If you’re going to finally confirm that justice was obstructed to hide obstruction of justice, when would you do that?
When voters are focussed on a bloody war in the Middle East, probably.
There are lot of moving parts in that lede. Let us explain.
And here’s one truism, which is eternal: if you’re in government, and you’ve got bad news coming out – “taking out the trash,” as they say – then you need to come up with something else to distract readers/viewers/listeners. You need to “change the channel.”
The Justin Trudeau government are masters at it. They may not be very good at actually governing. But at changing the channel? They’re without equal.
Trudeau was dropping in the polls, so he announced a shiny new cabinet. He was getting hammered on the Chinese election interference story, so he picked a fight with some Premiers on health care funding. And, of course, whenever any unhelpful issue raises its head, Team Trudeau will haul out that hoary old chestnut, abortion, to distract. And so on.
This week, they did it again. For four years or so, the RCMP had wanted to investigate allegations that Trudeau and his circle obstructed justice. That is, that they tried to get former Attorney General Jody Wilson Raybould to stop a prosecution of SNC-Lavalin, a big Liberal Party donor, for corruption.
Eleven people in and around Trudeau’s PMO did that, we now know, at least 44 times in 2018. Each time, Wilson Raybould refused – and she ultimately was driven out of government, and the Liberal Party, for refusing to do what would almost certainly be obstruction of justice.
And, now, we have learned that the RCMP wanted to investigate whether crimes had been committed. But they couldn’t – because Trudeau and his cabinet refused to cooperate.
In 2021, as the Mounties were nearing of a months-long probe into obstruction of justice in the SNC-Lavalin scandal, they hit a roadblock: Trudeau et al. wouldn’t give them access to cabinet documents about what went on.
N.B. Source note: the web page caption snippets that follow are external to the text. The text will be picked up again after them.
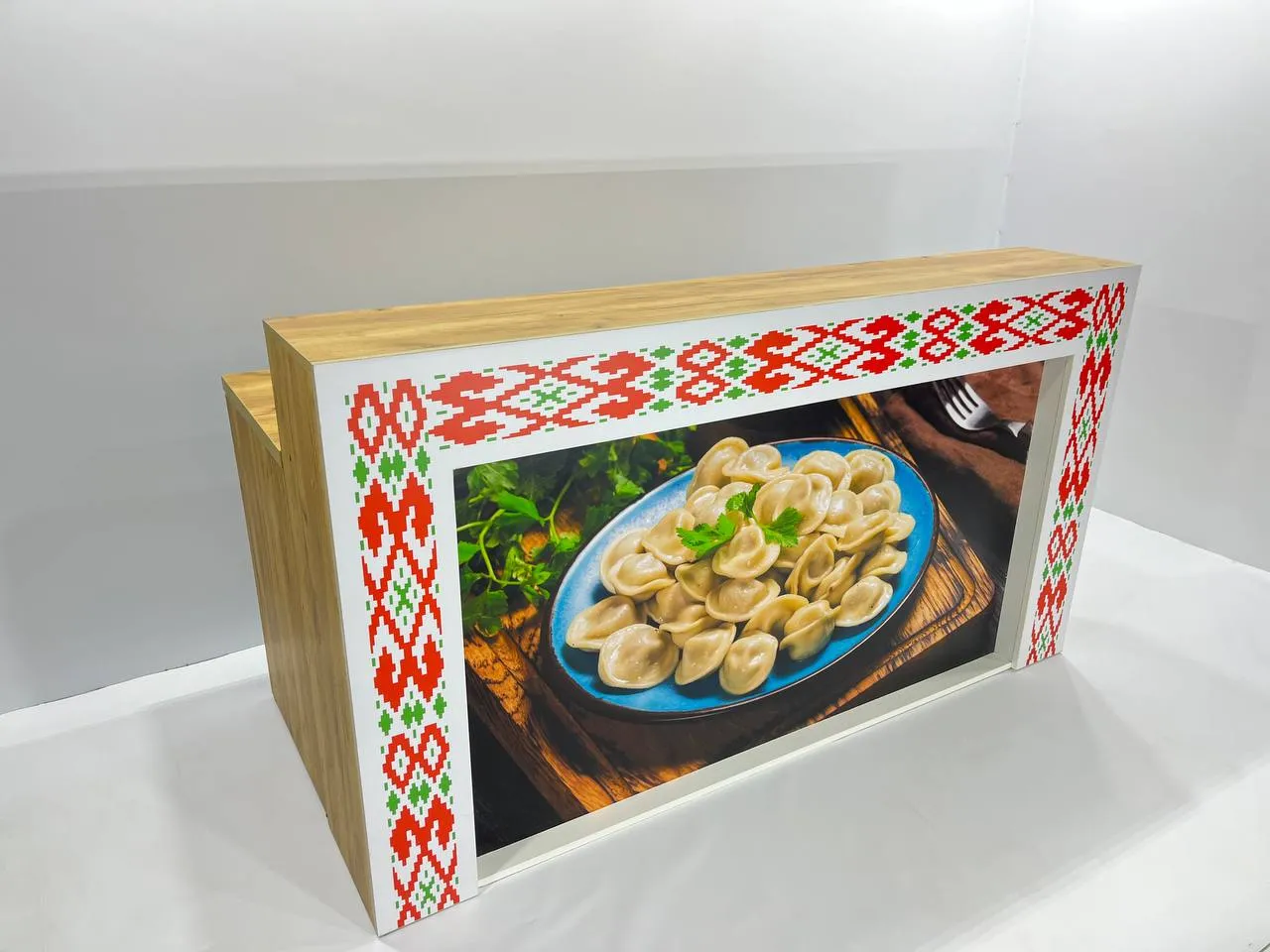 Аренда стойки с подсветкой 2005x940x1110 на выставку Минск. 2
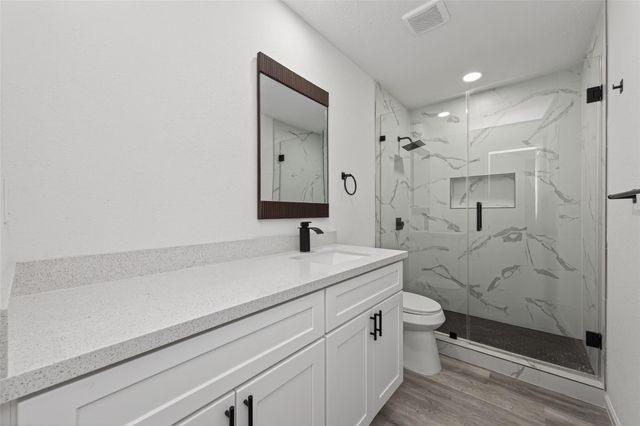 24034 E Lake Houston Parkway, Houston, TX 77336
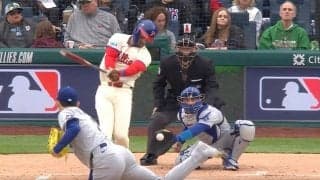 この動きはなんだ…？ 佐々木朗希、視界から消える“予測不可能な魔球”「打てるわけない」 低回転で急減速&急落下→バットのはるか下を通過「ナックルフォーク？」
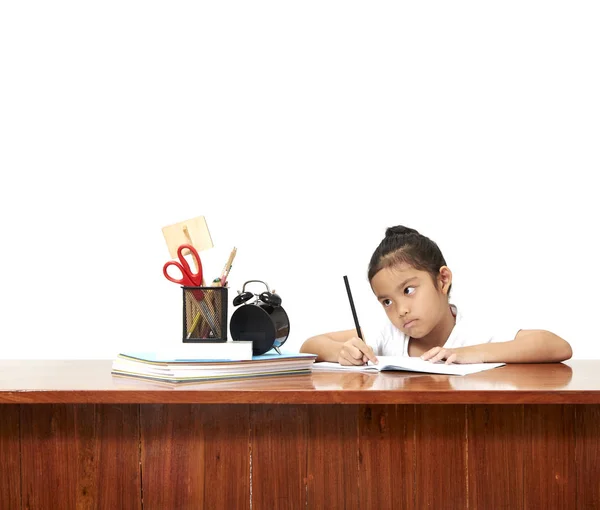 Aziatische meisje van schattig klein meisje schrijven — Stockfoto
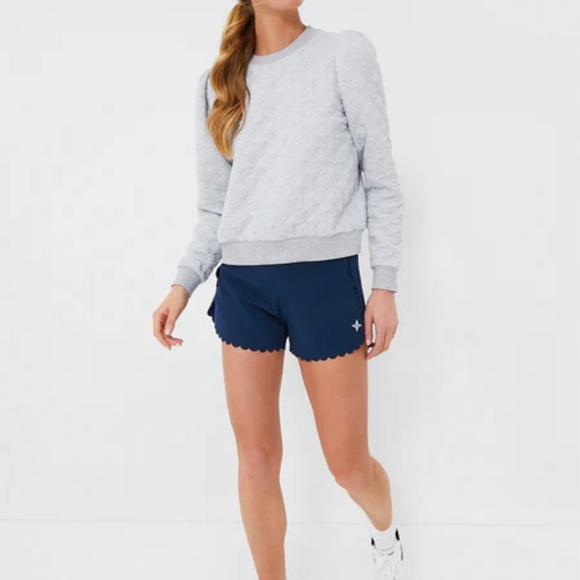 TUCKERNUCK TNUCK SPORT
Gray Puff Sleeve Campbell Pullover, gray - Picture 5 of 6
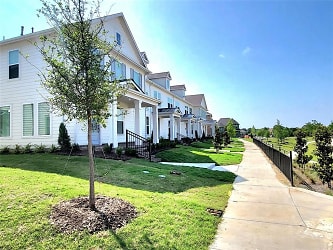 8835 Stablehand Mews - Frisco, TX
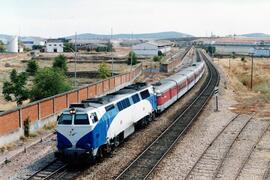 Locomotora diésel - eléctrica 333 - 102 de RENFE, fabricadas por MACOSA y pintada en blanco y azu...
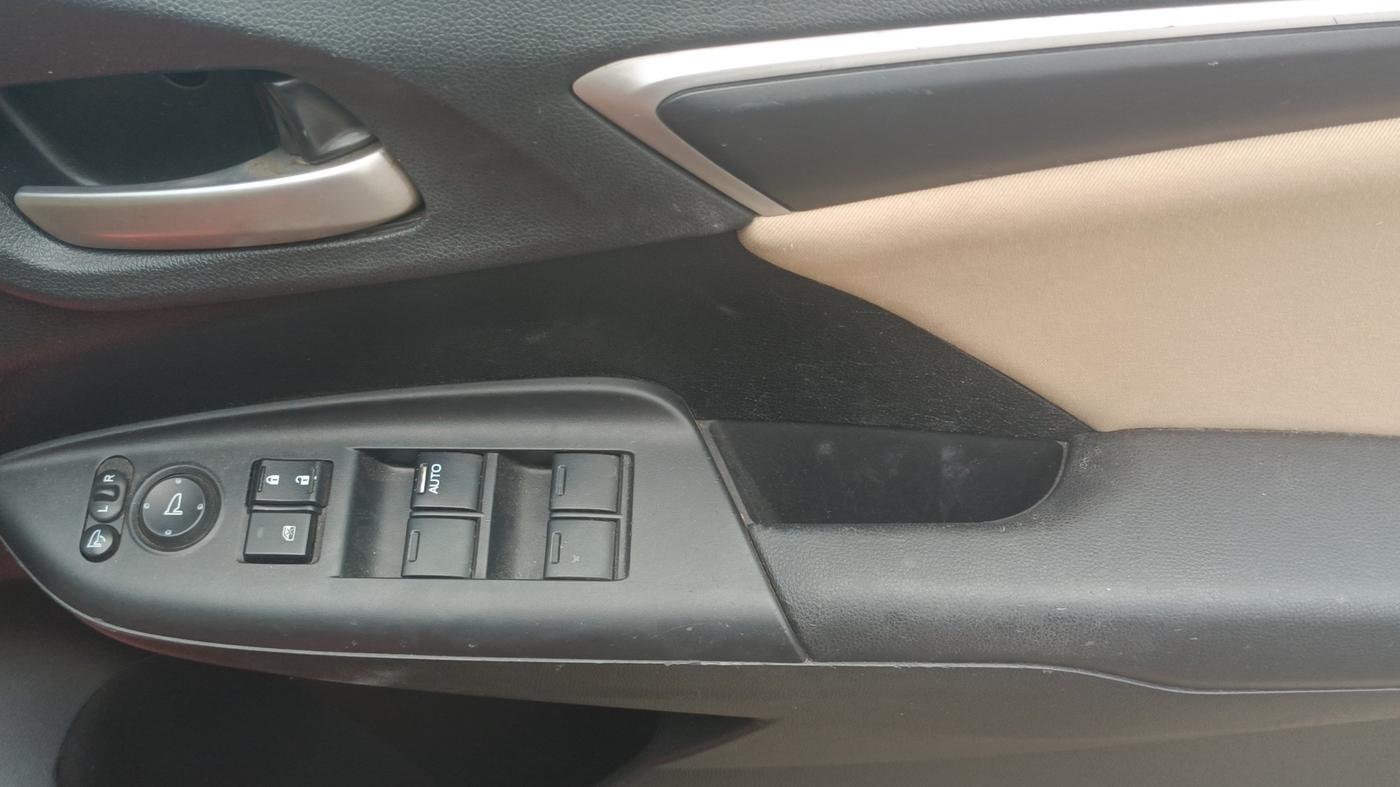 2018 Honda Jazz 1.2L I-VTEC VX CVT, Petrol, Automatic, 1,01,030 km, Driver Side Door Panels Control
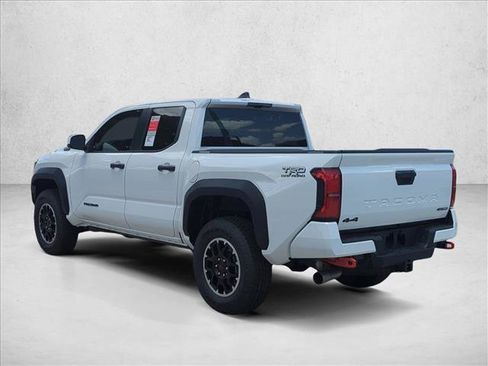 Certified 2025 Toyota Tacoma TRD Off-Road AWD/4WD image 6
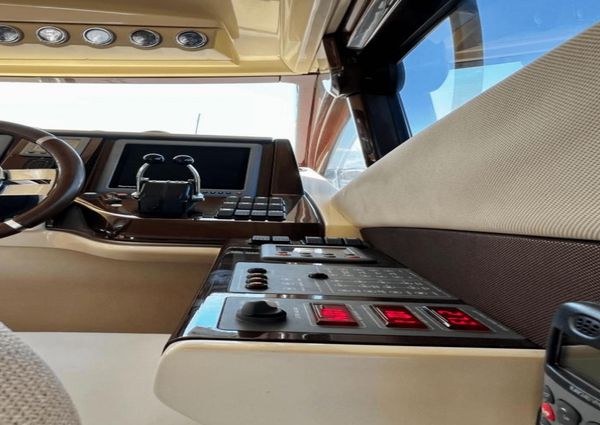 Azimut 47 Flybridge image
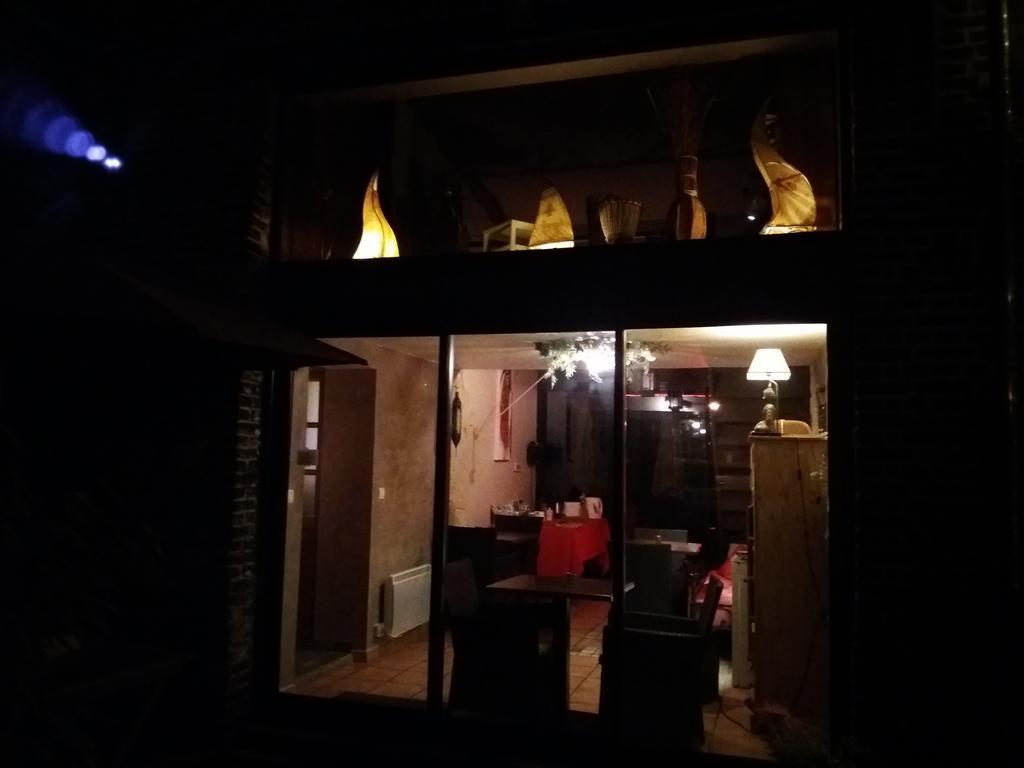 Chambres D Hotes ,Hotel ,Secret D'Une Nuit A Vicq Pres De Onnaing,Avec Piscine ภายนอก รูปภาพ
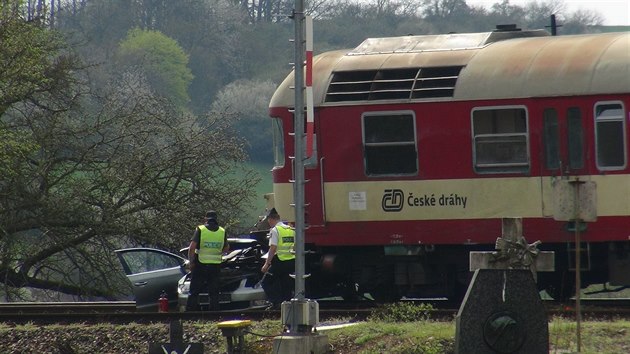 Druh smrteln nehoda po srce auta s vlakem se stala na elezninm pejezdu u Lochovic na Berounsku (17.4.2018)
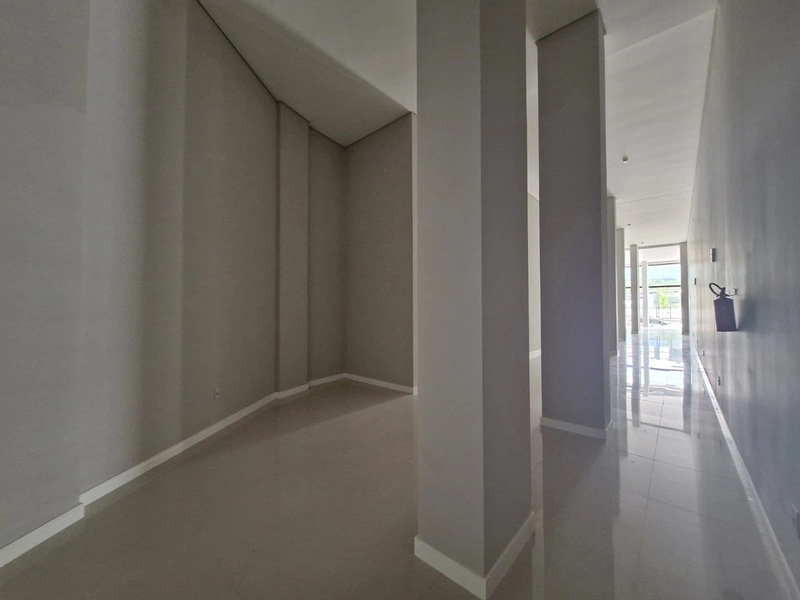 Sala Comercial para Locação no Centro de Itapema: 3ª foto da galeria de imagens do imóvel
The RCMP commissioner personally made the request, no less, and was rebuffed.
Documents finally released this week – while war was raging in Israel and Gaza – revealed that the RCMP had “pushed as hard as possible,” and “exhausted all avenues” to get the evidence they needed to justify prosecution. But, in true Tricky Dick Nixon fashion, the Trudeau cabal said no.
The RCMP needed Trudeau’s gang to waive cabinet confidence and show them the evidence.
But Trudeau wouldn’t. As result, the damning documents declared, the RCMP concluded it had “insufficient evidence” to purse the case any further.
To some folks, this seems outrageous (it is) and shocking evidence of the Mounties’ ineffectiveness (it isn’t). Here’s why: section 39 of the Canada Evidence Act prevents cabinet secrets from becoming public from as long as 20 years. The bar is absolute. If the cabinet says no, the police can’t overrule them.
(That’s not all: if a police force wants to serve a search warrant or conduct an interview with an MP on Parliament Hill, they can’t. The Speaker can stop them – and, in the past, has done so more than once.)
So, Canada is a democracy, yes. But, in this democracy, some of us are more equal than others.
The rest of us can’t stonewall a police criminal investigation indefinitely. But Prime Ministers and cabinet ministers can. And, as we saw this week, they did.
It’s like obstruction of justice to cover up an obstruction of justice, you might say.
And, what better time to finally admit it, than when Canadians’ are paying attention to the war in the Middle East?